Dein Amtskollege Peter Hacker (Anm. SPÖ-Gesundheitsstadtrat in Wien) hat sich ja ziemlich öffentlichkeitswirksam mit der türkis-grünen Regierung angelegt. Was hältst du vom Krisenmanagement der Regierung – was passt, was passt nicht?
ROBERT KROTZER: Der Shutdown trifft wirtschaftlich schwache Menschen viel härter. Die Aussage von ÖVP-Nationalratspräsident Sobotka, dass die Leute doch in den Garten gehen sollten, wurde zurecht mit Marie Antoinette und »Wenn sie kein Brot haben, sollen sie doch Kuchen essen« verglichen. Was tun, wenn man nur eine kleine Wohnung hat, ohne Garten oder Balkon? Die räumliche Enge befeuert psychische Probleme, Alkoholismus und häusliche Gewalt nehmen zu. Darum ist es jetzt wichtig, dass die Menschen sich wieder freier bewegen können – ohne dass sie für andere zum Risiko werden. Das rigide und bisweilen willkürliche Vorgehen gegenüber Menschen, die sich im Freien aufhalten, muss beendet werden.
Die Regierung pumpt viel Geld in »die Wirtschaft«, bei Unterstützungen für Menschen in Notlagen agiert sie knausrig. Ein umfassendes Paket mit sozialen Sofortmaßnahmen wäre dringend nötig. Dann »braucht« auch niemand einen Pfandleiher. Die 30 Millionen Euro Unterstützung für armutsgefährdete Familien bei über einer Millionen Menschen an und unter der Armutsgrenze kann schon in »normalen Zeiten« nicht mehr als ein Tropfen auf den heißen Stein sein.
Als nach Ostern die Maßnahmen gelockert wurden und viele Geschäfte wieder öffneten, hast du rigorose Sicherheitsvorkehrungen für alle Arbeitenden gefordert. Wie können wir gemeinsam sicherstellen, dass die auch eingehalten werden? Und was kann jeder einzelne von uns tun, um untereinander solidarisch zu sein und uns gegenseitig zu schützen?
ROBERT KROTZER: Masken und Desinfektionsmittel sollen von den Betrieben für ihre Beschäftigten in ausreichender Menge zur Verfügung gestellt werden. Auch für den Sicherheitsabstand am Arbeitsplatz muss Sorge getragen werden. Es ist wichtig, dass so das Ansteckungsrisiko minimiert wird. Wenn man den Eindruck hat, dass das nur unzureichend getan wird, sollte man sich umgehend an die Betriebsräte oder die Arbeiterkammer wenden.

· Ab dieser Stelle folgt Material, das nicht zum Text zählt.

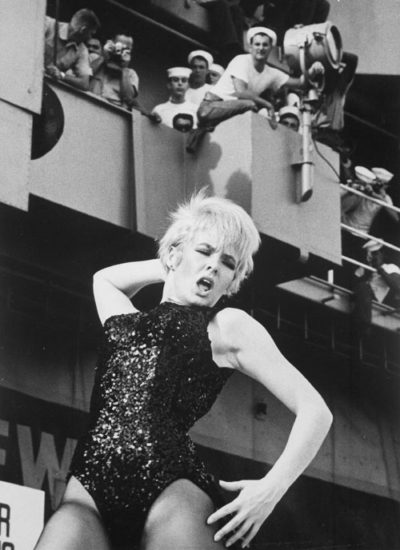 Joey Heatherton performing before American GIs aboard the U.S.S. Ticonderoga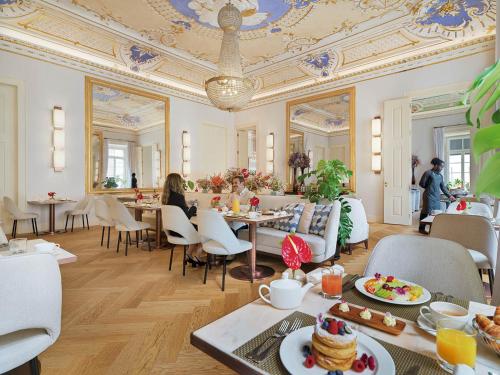 a restaurant with people sitting at tables in a room at The One Palácio da Anunciada in Lisbon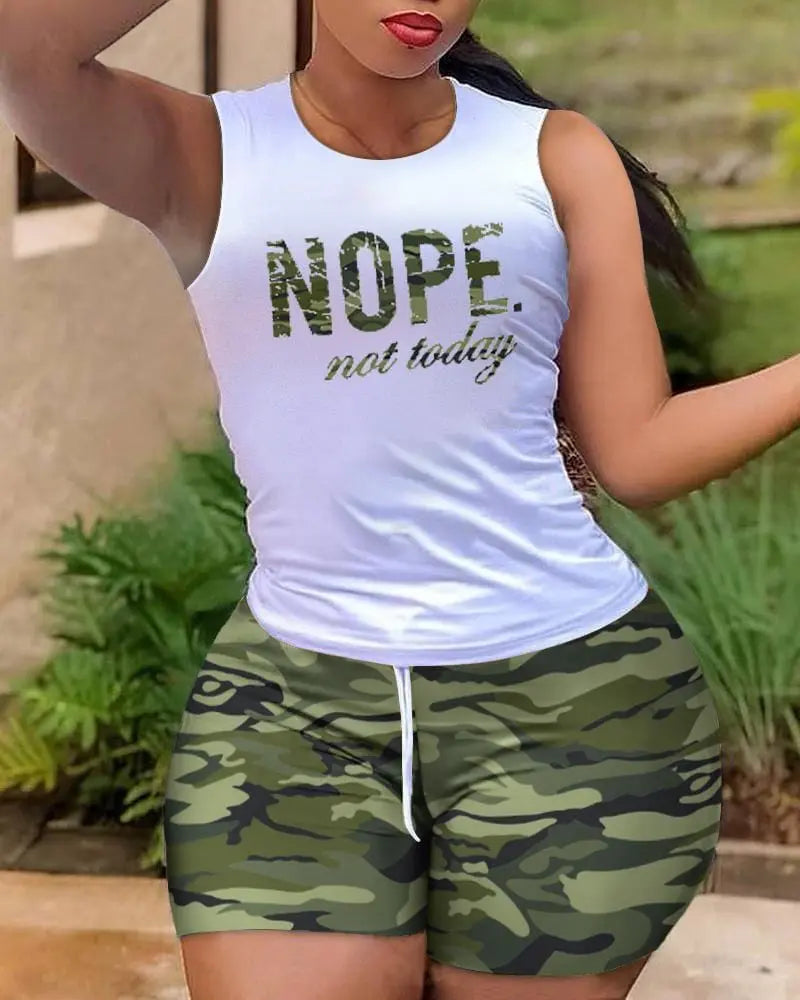 Owner Girl women's two-piece print set with quick-dry sports top and shorts, perfect for casual fitness and summer activities.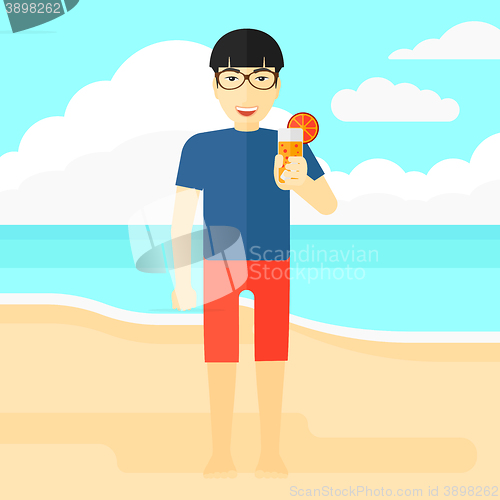 Image of Tourist with cocktail on the beach.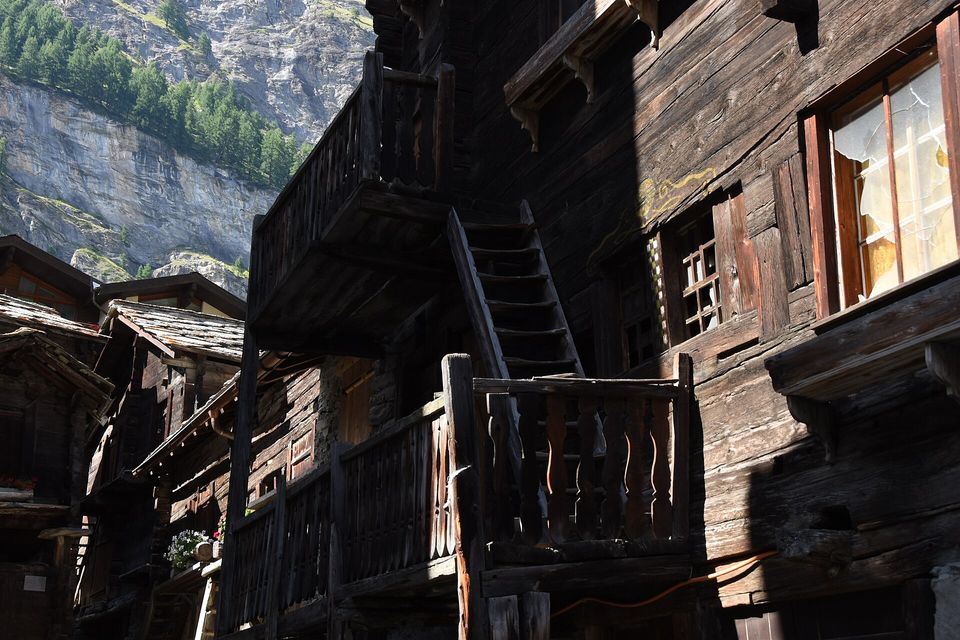 Sun-darkened timber houses with outside stairs and balconies in a village lane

Noch steht viel in den Sternen. Kannst du unseren LeserInnen eine persönliche Einschätzung geben, worauf man sich im kommenden Jahr einstellen kann und muss? Gibt es eine Rückkehr zur Normalität?
ROBERT KROTZER: Das wäre Kaffeesudleserei. Es wird viel davon abhängen, ob und wann ein Impfstoff entwickelt wird, inwieweit der schnell und kostenlos allen Menschen zugutekommt oder ob Pharmakonzerne sich eine goldene Nase verdienen wollen.

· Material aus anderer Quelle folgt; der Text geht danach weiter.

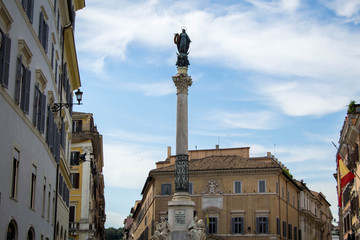 Fototapeta na wymiar Obelisk with Mary on top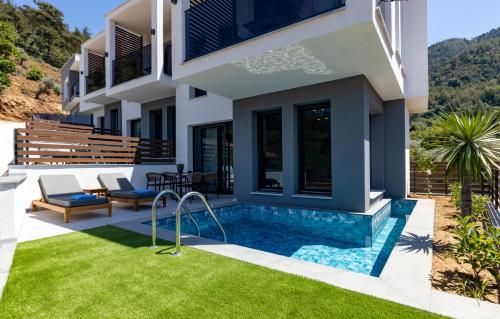 an image of a house with a swimming pool at Pearl of Thassos in Skala Potamias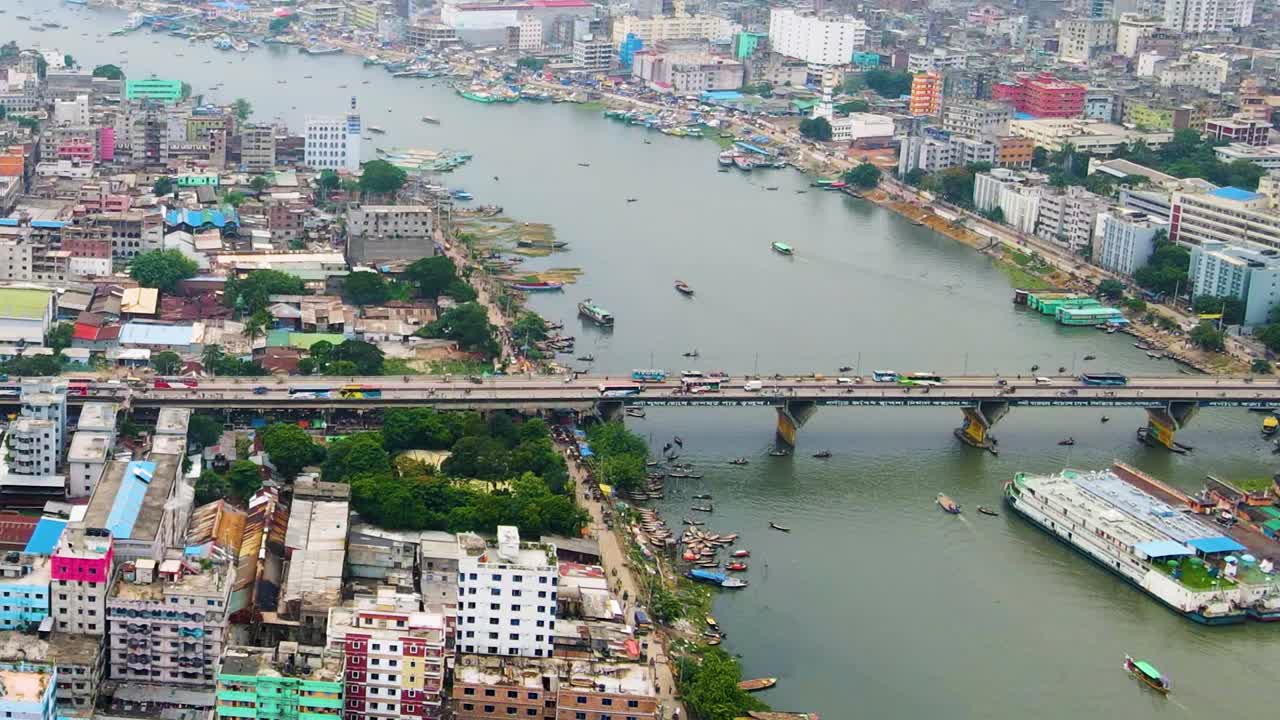 Un ponte trafficato sul fiume Buriganga a Dhaka, Bangladesh, con traghetti nell'acqua.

Man darf auch nicht vergessen, dass in der sogenannten »Normalität« hunderttausende Menschen in Österreich oft nicht gewusst haben, wie sie ihren Alltag bestreiten sollen. Für viele ist ein Zurück zu wenig. Wir brauchen dringendst soziale Fortschritte – und letztlich ja auch eine Überwindung des Kapitalismus, dessen Versagen jetzt so offen zutage tritt.
Manche haben ja jetzt mehr Zeit, um zu Lesen oder Filme und Serien zu schauen. Was empfiehlst du unseren Lesern und Leserinnen?
ROBERT KROTZER: »Peaky Blinders« über Gangster, Politik und soziale Verhältnisse in Birmingham in der Zwischenkriegszeit, oder »Babylon Berlin«, eine Serien-Adaption der großartigen Krimis von Volker Kutscher, die man auch lesen sollte, wären meine Tipps. Lesenswert finde ich jedenfalls die Webseiten der Zeitungen Junge Welt, Der Freitag oder des Hintergrund- Magazins.